In February, the New York Times reported that for every 100 males who graduated from college, there were 185 (almost twice as many!) females.

In Australia, women graduates outnumber men by hundreds of thousands.

And in Dubai, 60% of the university co-ed student body is female.

What's more astounding (or alarming) is the rate at which females are superseding males in terms of higher ed.

I see it in my classroom. These 18-25 year-old "boys" wiggle in their desks, with their iPods and iPhones stuffed in their pockets. They're drinking Dr. Pepper and thinking about Megan Fox.

An hour and 50 minutes of learning how to write is a really long time, time these guys could be advancing their next mission on Halo 3.

Their female counterparts, however, are writing down every word I'm lecturing on kinds of conclusions. They're asking questions and leading group discussions on the anthropological implications of corn.

Last night at a party of almost all university professors, I asked a sociologist how his male students are performing. He responded by motioning a steep downward slope with his hand.

This morning, I chatted with a proud Harvard dad. His daughter was one of 16 Oregonians to be accepted into the university for the fall, hefty scholarship included. The three other applicants from her high school--with state swim team wins, national debate wins, and perfect SAT scores: all male--were denied admission.

What's the deal?

The deal is that the chasm between female and male students is widening. From the beginning, boys are young, active, kinesthetic learners. But that's not how they are taught.

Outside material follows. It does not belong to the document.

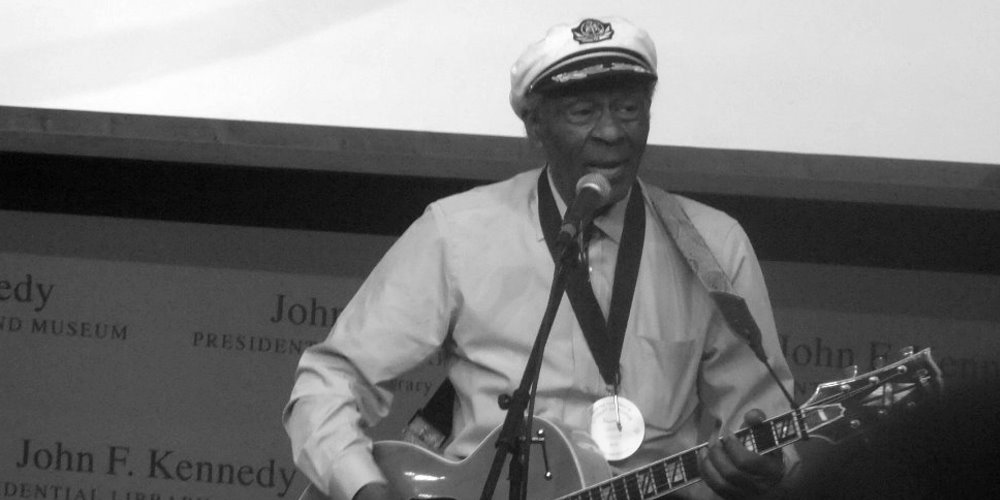 Chuck Berry – Hail, Hail, Rock ‘N’ Roll – My Music Movement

Their hunter nature to seek and provide food and protection, to procreate, conflicts with their ability to maintain hours inside, in desks. That's why they're thinking about Megan Fox and Halo instead of citations and sentence fluency.

They don't care.

Okay, so what? How is all this an epidemic?

Because, for one, it's an economic issue. The marriage market is changing. Educated women are willing to hold off on weddings. And they're just short of out-earning their partners. But. The divorce rate is steadily climbing. One might argue that males aren't ready to settle down as young as before. And if that's so, they're probably less ready for higher ed., as well.

Sociologically, for too many males, the alternative to college is blue-collar work, or no work, which leads to a higher tendency toward crime.

It's also an equity issue. Are colleges actively recruiting, funding, and supporting men the way they have with women since the Rights Movement?

Males are valuable. Yet they don't know it. They offer a plural perspective--"the other," Lisa Loomer, my friend and co-writer of "Girl, Interrupted," has reminded me.

How can this "other" be preserved, even fostered?

First, recruitment and support have to be engaged. Even filling out college applications and scholarship forms can be overwhelming. Also, the structure of college classes has to change. More frequent classes for shorter periods over a quarter system is more apt to curving attention issues.

Curriculum has to include a variety of teaching methods, including hands-on approaches, out-of-classroom experiences, and one-on-one sessions with the instructor. I'm going to throw out a radical solution here: to crank up competition, the essence of males' nature.

Boy-friendly literature must be used, considering narrator, theme, plot.

For writing, suggested topics must embody concepts males know about--and like. Since male writers tend to be more succinct, papers need not be long. If guys can write a tight 2-page paper, they can write a fluffy 20-page one.

Parents have to recognize the un-readiness of males before kindergarten. These boys need to be supported in preschool programs for an extra year, to start their whole education later.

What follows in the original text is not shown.